| The problem |
Print each line exactly, beginning with the one where "New Charming Classy" appears and ending at the last line below.

| Given data |
━━━━━━━━━━━━━━━━

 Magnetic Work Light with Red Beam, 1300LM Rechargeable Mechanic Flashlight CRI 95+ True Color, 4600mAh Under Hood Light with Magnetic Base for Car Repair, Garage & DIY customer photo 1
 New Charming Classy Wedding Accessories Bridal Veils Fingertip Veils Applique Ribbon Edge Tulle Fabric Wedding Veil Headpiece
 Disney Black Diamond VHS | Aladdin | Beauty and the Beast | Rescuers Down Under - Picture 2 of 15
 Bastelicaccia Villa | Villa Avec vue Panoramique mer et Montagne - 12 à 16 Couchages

━━━━━━━━━━━━━━━━

| Answer |
 New Charming Classy Wedding Accessories Bridal Veils Fingertip Veils Applique Ribbon Edge Tulle Fabric Wedding Veil Headpiece
 Disney Black Diamond VHS | Aladdin | Beauty and the Beast | Rescuers Down Under - Picture 2 of 15
 Bastelicaccia Villa | Villa Avec vue Panoramique mer et Montagne - 12 à 16 Couchages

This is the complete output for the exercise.